### TRY IT
Transcribe the entries below exactly, starting with the line that has "Tépőzáras darts tábla - 36 cm" and stopping after the line that has "Giffard Crème Menthe"; no pictures belong in the copy.

(Captioned web image data)
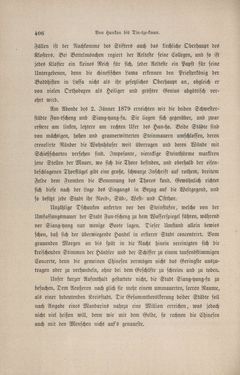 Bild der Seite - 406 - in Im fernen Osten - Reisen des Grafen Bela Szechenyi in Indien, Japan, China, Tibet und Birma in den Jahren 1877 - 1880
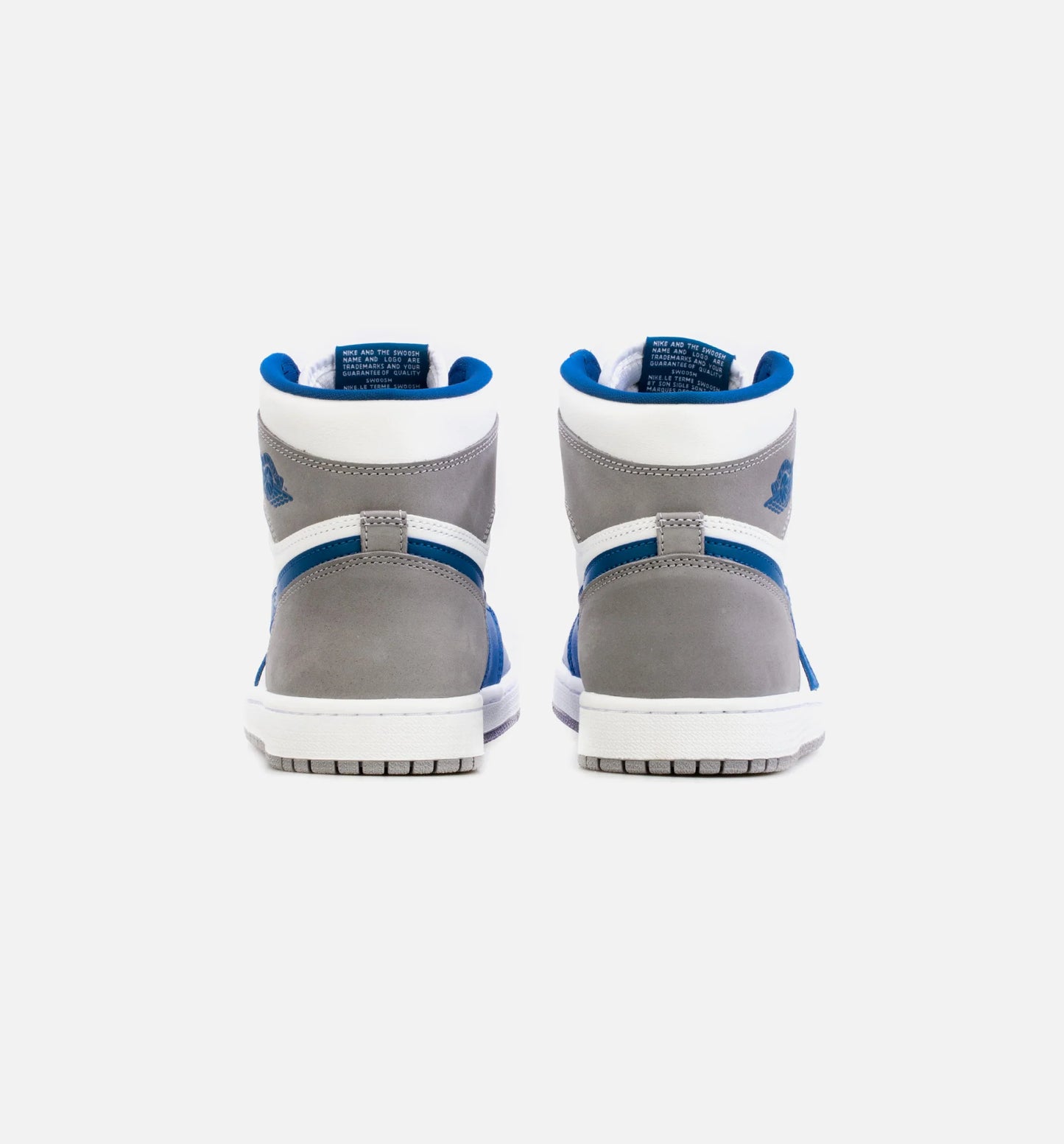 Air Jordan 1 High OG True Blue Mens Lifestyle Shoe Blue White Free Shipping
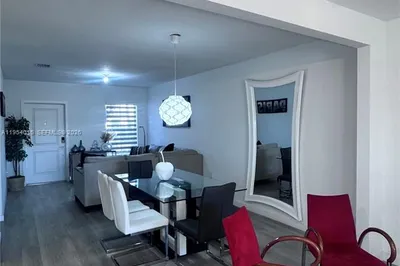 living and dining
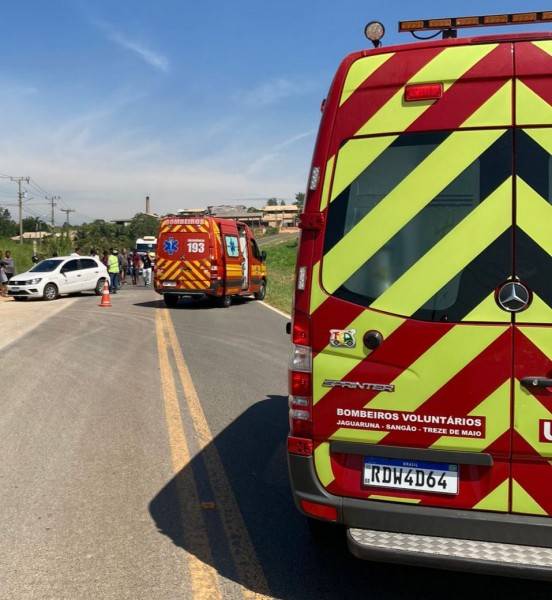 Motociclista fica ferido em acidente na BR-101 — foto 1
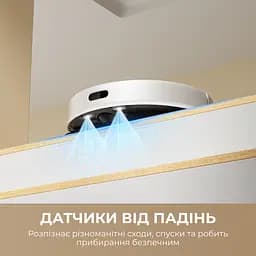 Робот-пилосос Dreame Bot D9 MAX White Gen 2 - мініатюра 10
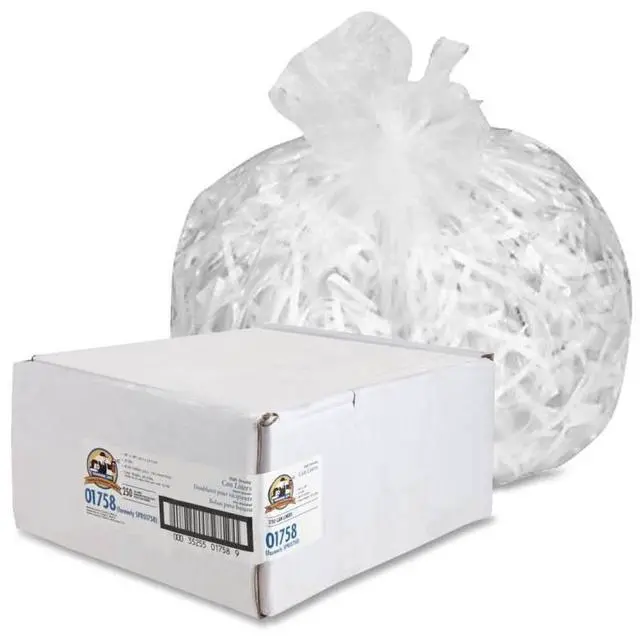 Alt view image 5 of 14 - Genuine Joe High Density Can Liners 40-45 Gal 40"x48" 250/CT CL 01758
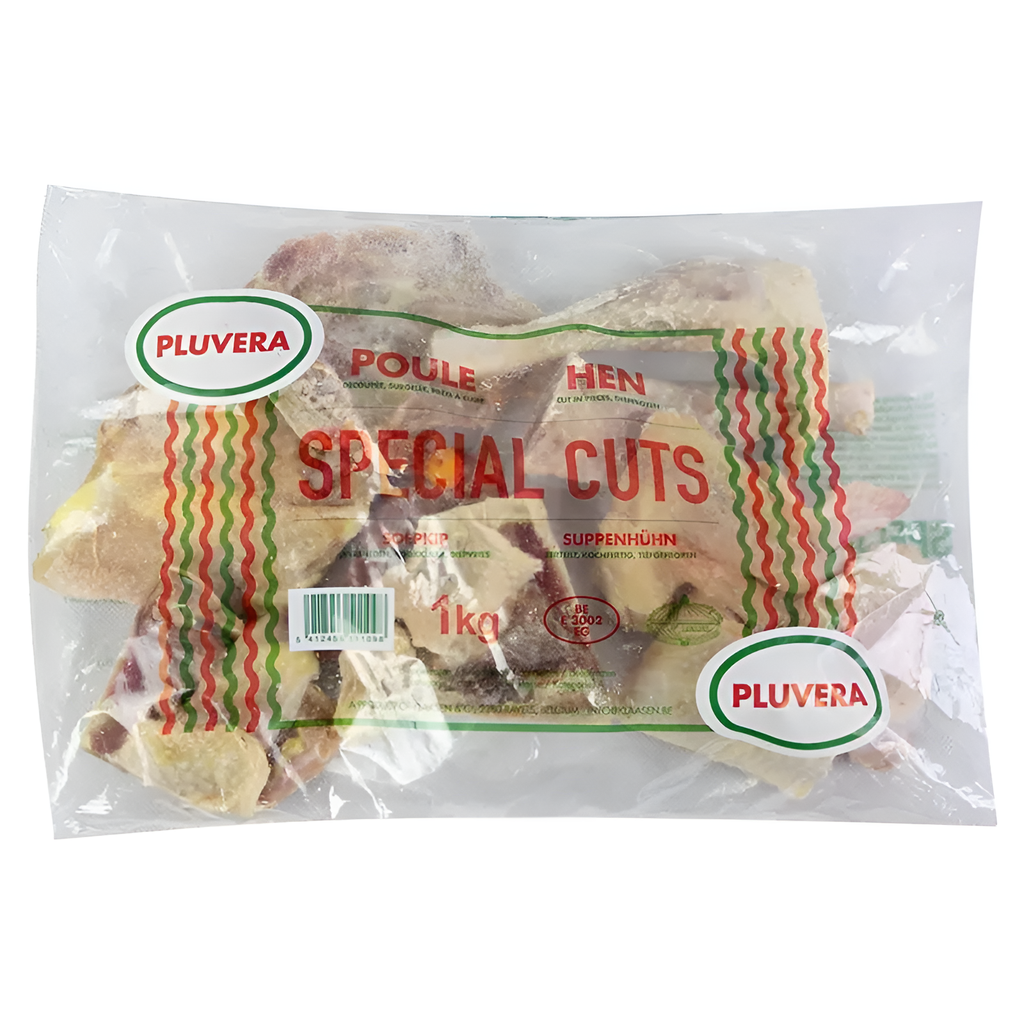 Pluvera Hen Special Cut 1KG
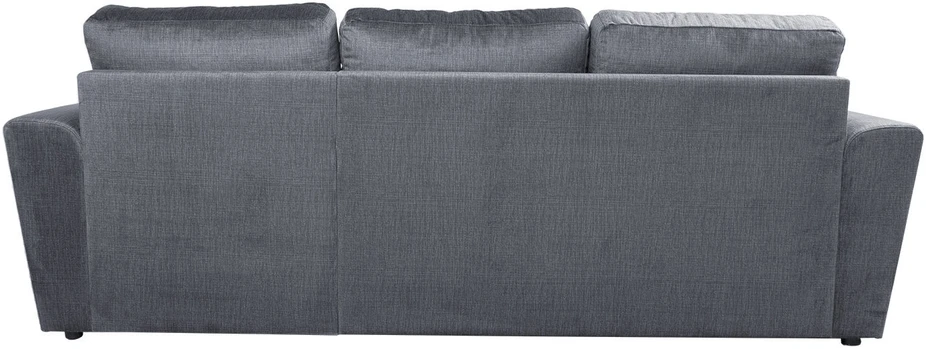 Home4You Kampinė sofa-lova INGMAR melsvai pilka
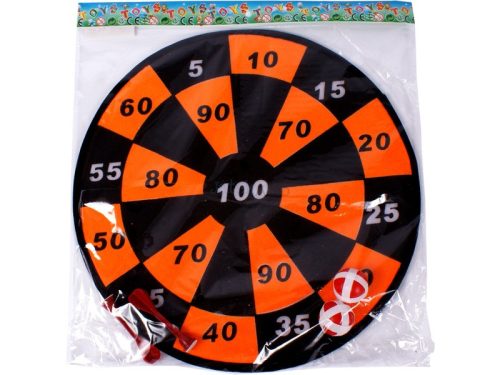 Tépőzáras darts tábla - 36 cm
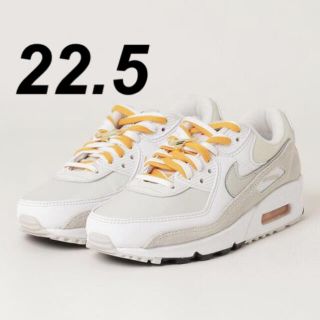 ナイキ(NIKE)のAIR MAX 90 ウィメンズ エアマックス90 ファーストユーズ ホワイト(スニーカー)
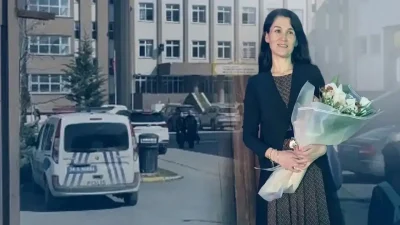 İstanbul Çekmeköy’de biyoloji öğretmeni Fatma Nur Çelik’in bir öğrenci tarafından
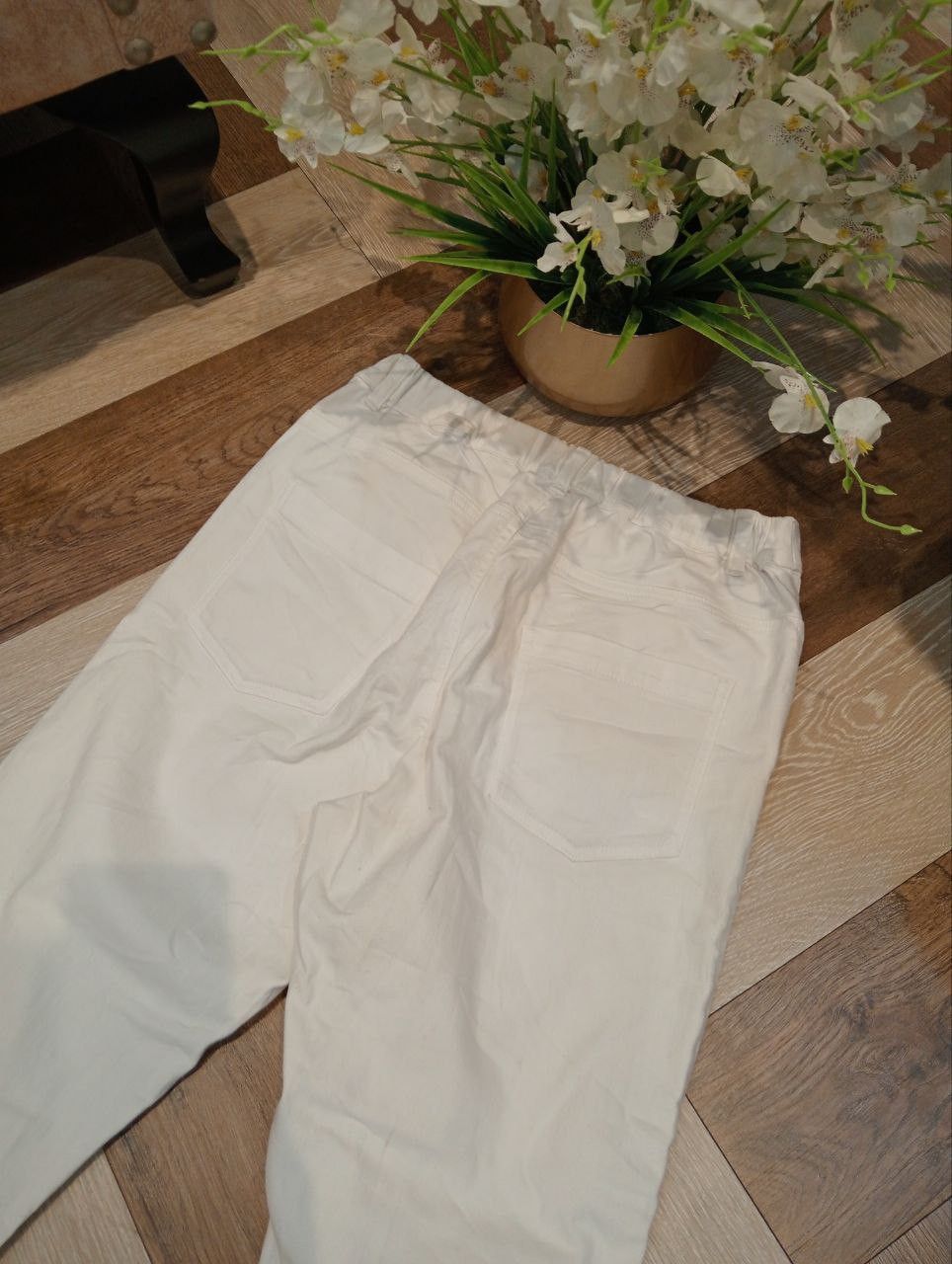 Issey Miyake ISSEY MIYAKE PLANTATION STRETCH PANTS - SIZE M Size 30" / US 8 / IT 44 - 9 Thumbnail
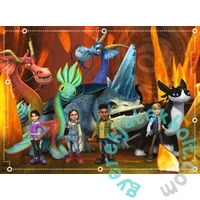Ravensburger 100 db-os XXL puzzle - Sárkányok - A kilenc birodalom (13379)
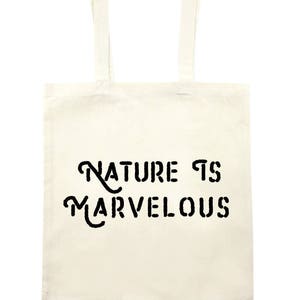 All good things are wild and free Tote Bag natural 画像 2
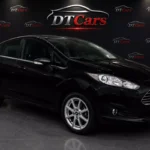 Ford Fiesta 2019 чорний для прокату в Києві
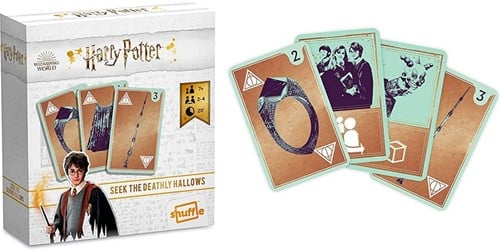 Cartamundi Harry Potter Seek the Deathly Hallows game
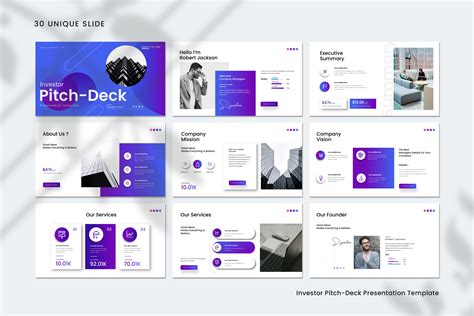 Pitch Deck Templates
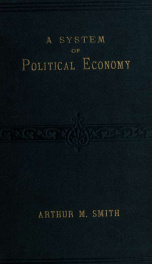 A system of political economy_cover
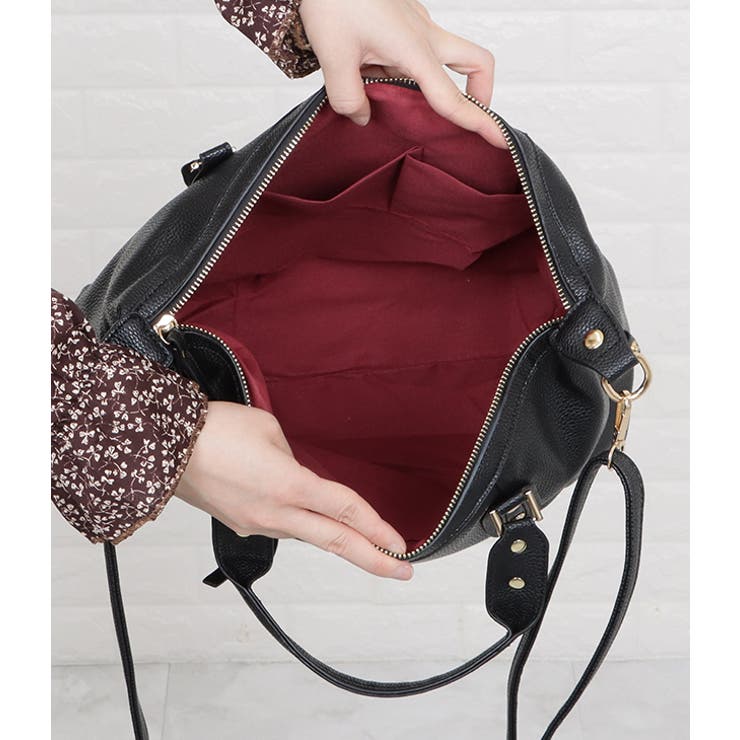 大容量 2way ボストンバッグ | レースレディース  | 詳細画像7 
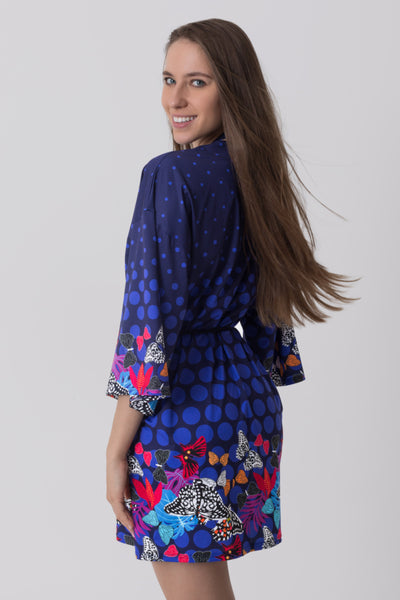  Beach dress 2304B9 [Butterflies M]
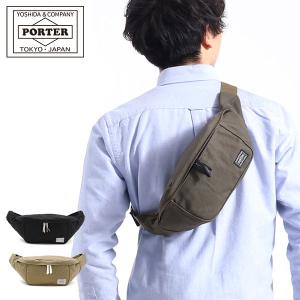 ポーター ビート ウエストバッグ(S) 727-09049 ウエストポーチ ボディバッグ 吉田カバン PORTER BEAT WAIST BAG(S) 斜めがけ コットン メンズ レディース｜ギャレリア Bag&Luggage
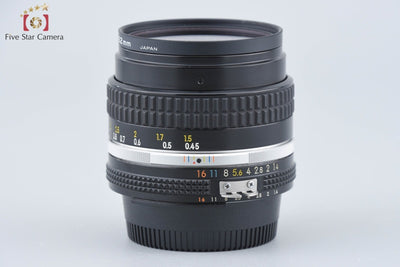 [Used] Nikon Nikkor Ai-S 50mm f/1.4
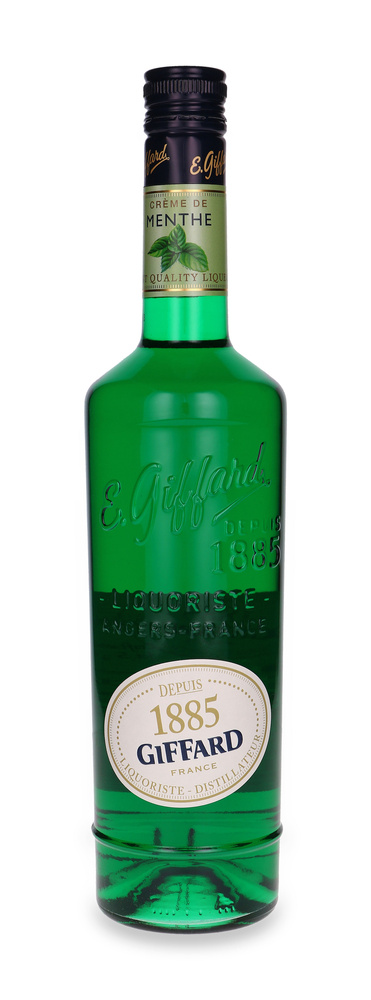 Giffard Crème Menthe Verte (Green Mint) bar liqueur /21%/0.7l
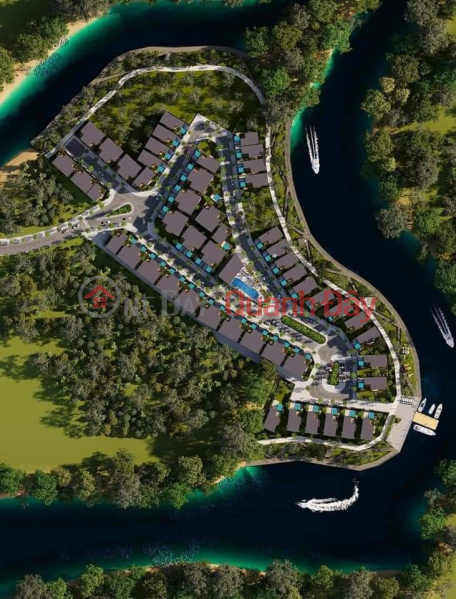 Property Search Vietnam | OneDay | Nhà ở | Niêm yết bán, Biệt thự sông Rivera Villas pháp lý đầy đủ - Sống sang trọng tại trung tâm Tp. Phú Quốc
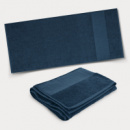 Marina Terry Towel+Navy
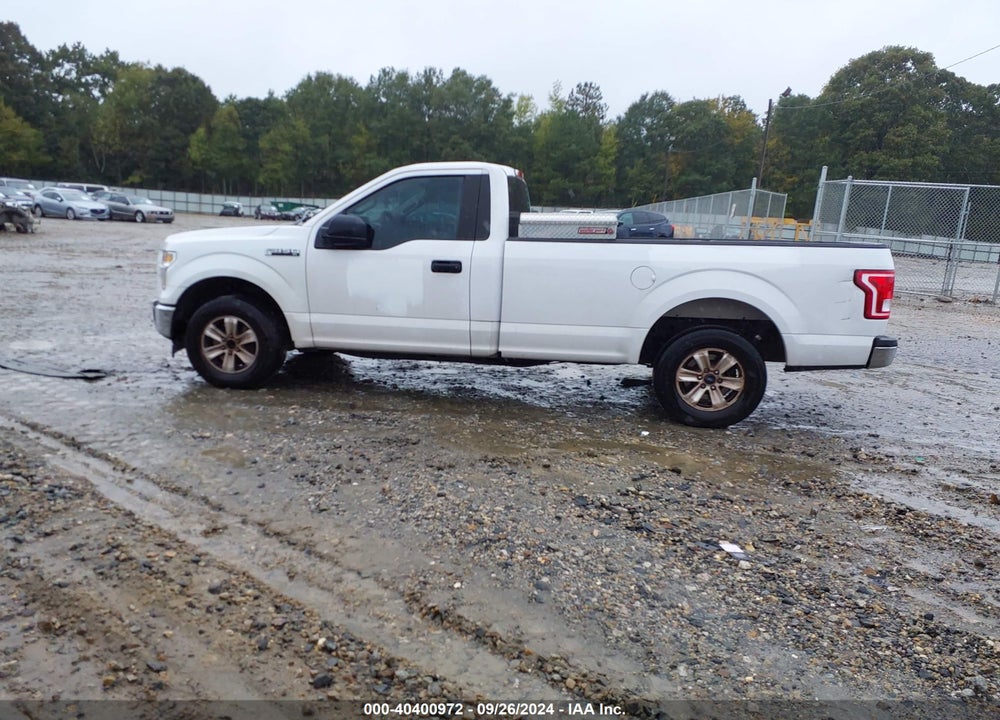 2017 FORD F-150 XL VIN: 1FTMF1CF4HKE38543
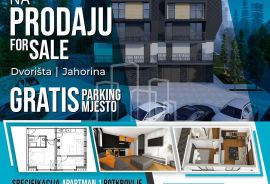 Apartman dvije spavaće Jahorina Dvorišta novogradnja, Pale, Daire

### EXERCISE OUTPUT
 Tépőzáras darts tábla - 36 cm
 ナイキ(NIKE)のAIR MAX 90 ウィメンズ エアマックス90 ファーストユーズ ホワイト(スニーカー)
 İstanbul Çekmeköy’de biyoloji öğretmeni Fatma Nur Çelik’in bir öğrenci tarafından
 Issey Miyake ISSEY MIYAKE PLANTATION STRETCH PANTS - SIZE M Size 30" / US 8 / IT 44 - 9 Thumbnail
Ravensburger 100 db-os XXL puzzle - Sárkányok - A kilenc birodalom (13379)
 All good things are wild and free Tote Bag natural 画像 2
 Ford Fiesta 2019 чорний для прокату в Києві
 Cartamundi Harry Potter Seek the Deathly Hallows game
 Pitch Deck Templates
 A system of political economy_cover
 大容量 2way ボストンバッグ | レースレディース  | 詳細画像7 
  Beach dress 2304B9 [Butterflies M]
 ポーター ビート ウエストバッグ(S) 727-09049 ウエストポーチ ボディバッグ 吉田カバン PORTER BEAT WAIST BAG(S) 斜めがけ コットン メンズ レディース｜ギャレリア Bag&Luggage
 [Used] Nikon Nikkor Ai-S 50mm f/1.4
 Giffard Crème Menthe Verte (Green Mint) bar liqueur /21%/0.7l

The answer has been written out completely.